Chatham’s health voices on monkeypox, long COVID and more


New COVID case counts continue to drop — down 25% the last two weeks across the U.S., and trending down since mid-July — and more discussions center around whether the pandemic is “under control.”

But with Chatham County home to its first case of monkeypox and COVID mutations continuing — faster, in fact, than the world’s dominant flu strain — we checked in with Chatham’s resident health experts on those and a variety of related topics, including long COVID, the pandemic’s fall outlook and the flu vaccine.

For this wide-ranging conversation, we spoke with Johnsie Hubble, RN, MPH, the infection preventionist for Chatham Hospital, and two men from the Chatham County Public Health Department: Director Mike Zelek, and Public Information Specialist Zachary Horner.

Chatham has its first case of monkeypox. Remind us how serious/significant this virus is, particularly in terms of transmissibility…

JOHNSIE HUBBLE: Monkeypox is a rare but serious disease caused by a virus. It is endemic to Central and West Africa, circulating in rodents and causing occasional human outbreaks there. This past summer we also saw cases in many other countries, including the U.S. In those infected it causes a variety of symptoms, including fever, chills, swollen lymph nodes, fatigue, body aches, headache, sore throat and cough. Most all get a rash located almost anywhere on the body that goes through stages of pimples, blisters and then scabs. A person is contagious until the scabs fall off and the underlying skin is completely healed. It is spread through close, personal contact, most often by skin to skin contact. Most cases in North Carolina have been in men who have sex with men, and within that group, about 60% have been African American men. We do not have any specific information on the case in Chatham County, and that is to protect the identity of the individual. The physicians at Chatham Hospital are aware of the national and state outbreak and know what to look for to identify a case.

Has news of this first case generated any particular concern for your offices?

MIKE ZELEK: While the news hits home when it is in our county, we were mindful that there were more than 500 confirmed cases of monkeypox in North Carolina at that time, including in surrounding counties. For us, it is an opportunity to continue to encourage those who are eligible to get vaccinated, and for those with potential symptoms to reach out to their doctors.

Shifting back to COVID: a new report shows that 24 million U.S. adults have “long COVID,” with more than 80% of them having some trouble carrying out daily activities. Nearly 30% of adults previously infected with COVID reported having long COVID at some point. Can you share what we need to know about long COVID, and your experience of it (from a personal and professional perspective)? And is there a “normal” recovery from COVID?

ZELEK: Long COVID is an unfortunate reality for many. It also includes a range of symptoms of varying severity and duration, and there is no test to diagnose it. I expect that the statistics don’t completely capture those with mild or intermittent symptoms.

I have talked to many who haven’t completely recovered months after being infected.
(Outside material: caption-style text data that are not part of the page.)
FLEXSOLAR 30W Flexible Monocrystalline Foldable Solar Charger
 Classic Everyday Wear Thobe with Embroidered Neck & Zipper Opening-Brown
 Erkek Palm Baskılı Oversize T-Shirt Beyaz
The most common symptoms of long COVID are fatigue and brain fog. For me, nearly three months after having COVID, I would say I have recovered other than occasional mild symptoms like fatigue. But it has become clear that “normal” recovery is tough to define since experiences are so varied. And I am hoping the bivalent booster I got today will not only reduce COVID symptoms if I am exposed, but also reduce the risk of long COVID.

HUBBLE: Some people who have been infected with the virus that causes COVID-19 can experience long-term effects from their infection, known as post-COVID conditions (PCC) or long COVID. It can last weeks or months or longer. It is found most often in those who had severe COVID-19 illness, but anyone infected can develop symptoms of long COVID. Long COVID can be considered a disability under the American with Disabilities Act (ADA). Examples of common symptoms of long COVID include:

• Tiredness or fatigue

• Difficulty thinking or concentrating (sometimes called “brain fog”)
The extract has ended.